Cuando acabó de hablar, callaron todos de tal modo, que se oía el zumbido de las moscas. Nomdedeu volvió atrás la cabeza buscándome con la vista para disimular su turbación, y harto confuso hubo de abandonar la comitiva. Hasta mucho después de que esta pasara no recobró el uso de la palabra mi buen doctor, y estaba pálido y tembloroso, señal inequívoca de su miedo.
—Andrés —me dijo en voz baja tomándome del brazo, y llevándome en dirección de la Plaza de San Félix—, ese hombre va a acabar con nosotros. Yo soy patriota, sí señor, muy patriota; pero todo tiene su límite natural, y eso de que lleguemos a comernos unos a otros me parece una temeridad salvaje.
—La entereza de D. Mariano —le respondí— nos llevará a tragarnos mutuamente; pero por lo que a mí toca, y mientras sepa que ese hombre está vivo, antes me comeré a mordidas mi propia carne, que hablar de capitulación delante de él.
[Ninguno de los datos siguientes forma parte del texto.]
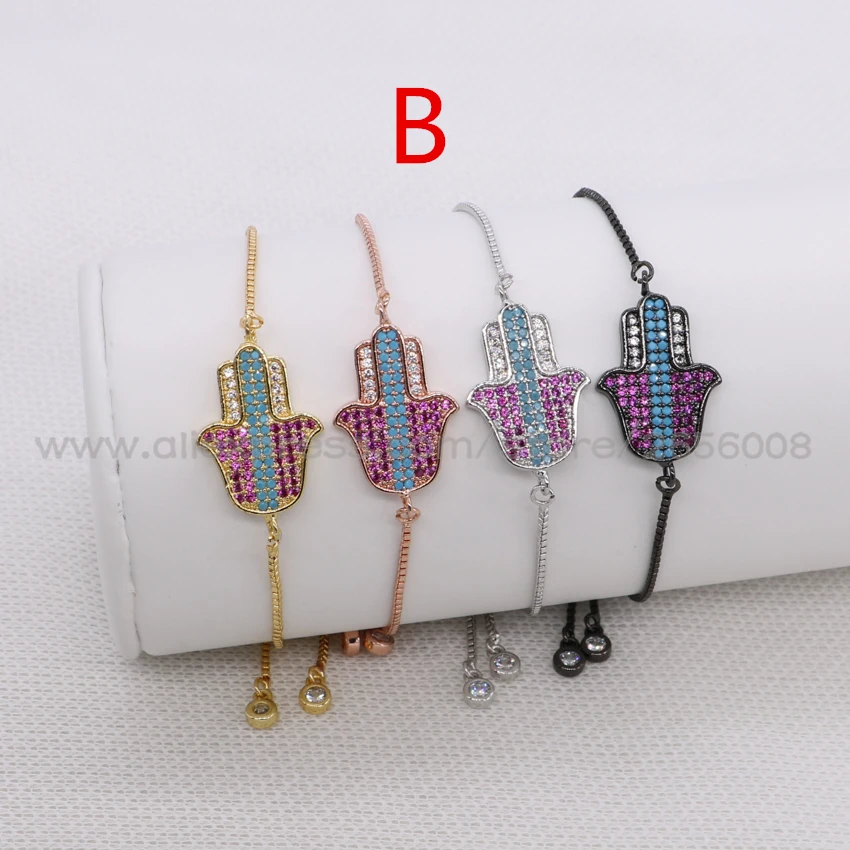 Ручной регулируемый браслет-цепочка микро проложить в форме цветка ювелирные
—Grande y sublime es su constancia —me dijo—: yo la admiro y me congratulo de que tengamos al frente de la plaza un hombre cuya memoria ha de vivir por los siglos de los siglos. ¡Oh, si yo fuera solo en el mundo, Andrés! Si yo no tuviera más que mi indigna persona, si no tuviera otro cuidado que la visita al hospital y el recorrido de los enfermos que están en la calle, yo mismo le diría a D. Mariano: «Señor, no nos rindamos mientras haya uno que pueda vivir, almorzándose a los demás.» Pero mi hija no tiene la culpa de que una nación quiera conquistar a otra... Sin embargo, humillemos la frente ante la voluntad de Dios, de la cual es ejecutor en estos días ese inflexible D. Mariano Álvarez, más valiente que Leónidas, más patriota que Horacio Cocles, más enérgico que Scévola, más digno que Catón. Es este un hombre que en nada estima la vida propia ni la ajena, y como no sea el honor, todo lo demás le importa poco. En las jornadas de septiembre, cuando Vives el capitán de Ultonia se disponía para una pequeña excursión al campo enemigo, preguntó a D. Mariano que a dónde se acogería en caso de tener que retirarse. El Gobernador le contestó: «Al cementerio.» ¿Qué te parece? ¡Al cementerio! Es decir, que aquí no hay más remedio que vencer o morir; y como vencer a los franceses es imposible porque son ciento y la madre, saca la consecuencia. ¡Esto entusiasma, Andresillo! Se le llena a uno la boca diciendo: ¡viva Gerona y Fernando VII! le parece a uno que ya está viendo las historias que se van a escribir ensalzándonos hasta las nubes; pero yo quisiera poder gritar: ¡viva España y viva Josefina! o que al menos entre las ruinas humeantes de esta ciudad y entre el montón que han de formar nuestros cuerpos despedazados, se alzara rebosando salud mi querida hija única, que nunca ha hecho mal a España, ni a Francia, ni a Europa, ni a las Potencias del Norte ni del Sur.
El doctor detúvose a examinar varios enfermos, y corrí a casa de Siseta para llevarles lo poco que había recogido.
XIV
Casi juntamente conmigo entró Badoret, que había salido a hacer una excursión por la Plaza de las Coles, y volvía tan alegre y saltón, que le juzgué portador de víveres para ocho días.
—¿Qué hay, Badoret? —le preguntamos Siseta y yo.